Data shown:
--*--

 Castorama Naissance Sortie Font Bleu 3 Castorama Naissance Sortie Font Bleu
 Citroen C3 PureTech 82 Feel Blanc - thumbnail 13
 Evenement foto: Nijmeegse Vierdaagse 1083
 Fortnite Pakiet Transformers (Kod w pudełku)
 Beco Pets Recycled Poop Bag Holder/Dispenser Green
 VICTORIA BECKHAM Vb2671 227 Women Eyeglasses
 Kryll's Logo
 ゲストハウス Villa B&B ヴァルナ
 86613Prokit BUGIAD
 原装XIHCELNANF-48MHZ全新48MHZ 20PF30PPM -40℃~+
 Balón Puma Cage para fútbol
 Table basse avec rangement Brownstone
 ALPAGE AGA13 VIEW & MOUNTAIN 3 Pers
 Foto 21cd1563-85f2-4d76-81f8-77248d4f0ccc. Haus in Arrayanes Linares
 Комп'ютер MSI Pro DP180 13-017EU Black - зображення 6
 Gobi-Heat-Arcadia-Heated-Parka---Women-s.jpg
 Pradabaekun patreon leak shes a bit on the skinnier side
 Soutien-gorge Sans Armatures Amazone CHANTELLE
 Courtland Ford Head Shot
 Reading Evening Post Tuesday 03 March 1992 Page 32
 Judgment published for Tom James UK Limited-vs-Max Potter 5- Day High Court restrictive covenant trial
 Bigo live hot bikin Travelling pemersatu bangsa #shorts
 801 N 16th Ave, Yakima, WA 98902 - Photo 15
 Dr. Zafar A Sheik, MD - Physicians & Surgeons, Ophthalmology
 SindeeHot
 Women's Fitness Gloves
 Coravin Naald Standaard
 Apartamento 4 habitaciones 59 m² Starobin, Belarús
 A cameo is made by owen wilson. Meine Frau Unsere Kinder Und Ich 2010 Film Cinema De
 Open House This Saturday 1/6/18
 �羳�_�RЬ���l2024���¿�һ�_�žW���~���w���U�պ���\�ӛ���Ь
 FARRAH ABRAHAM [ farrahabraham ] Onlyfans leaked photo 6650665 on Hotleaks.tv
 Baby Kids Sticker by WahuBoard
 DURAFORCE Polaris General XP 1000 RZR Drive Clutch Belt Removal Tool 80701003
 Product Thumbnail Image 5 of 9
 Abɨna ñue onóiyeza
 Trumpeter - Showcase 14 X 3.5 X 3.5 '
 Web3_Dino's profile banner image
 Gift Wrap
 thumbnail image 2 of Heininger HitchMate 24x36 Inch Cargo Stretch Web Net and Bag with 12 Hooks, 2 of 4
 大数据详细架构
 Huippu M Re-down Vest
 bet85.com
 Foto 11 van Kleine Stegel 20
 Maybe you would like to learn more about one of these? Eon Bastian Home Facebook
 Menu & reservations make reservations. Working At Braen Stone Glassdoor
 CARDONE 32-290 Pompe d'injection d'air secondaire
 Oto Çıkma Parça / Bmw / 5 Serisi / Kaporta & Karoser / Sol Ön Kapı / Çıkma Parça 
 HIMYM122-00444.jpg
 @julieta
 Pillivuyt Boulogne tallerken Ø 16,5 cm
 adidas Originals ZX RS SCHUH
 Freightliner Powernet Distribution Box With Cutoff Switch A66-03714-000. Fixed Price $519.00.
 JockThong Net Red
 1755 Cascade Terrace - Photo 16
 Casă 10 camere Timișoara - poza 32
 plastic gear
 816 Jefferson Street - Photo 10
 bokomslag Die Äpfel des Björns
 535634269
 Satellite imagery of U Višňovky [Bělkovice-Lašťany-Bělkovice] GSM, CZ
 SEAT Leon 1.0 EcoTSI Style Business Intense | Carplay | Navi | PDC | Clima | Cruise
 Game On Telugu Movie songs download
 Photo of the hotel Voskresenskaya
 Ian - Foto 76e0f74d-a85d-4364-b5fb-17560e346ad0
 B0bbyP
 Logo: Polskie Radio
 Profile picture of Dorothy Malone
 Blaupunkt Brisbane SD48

--*--

What you will do: Take each line above that holds the string "Women" and copy it.

Solution for this problem:
 VICTORIA BECKHAM Vb2671 227 Women Eyeglasses
 Gobi-Heat-Arcadia-Heated-Parka---Women-s.jpg
 Women's Fitness Gloves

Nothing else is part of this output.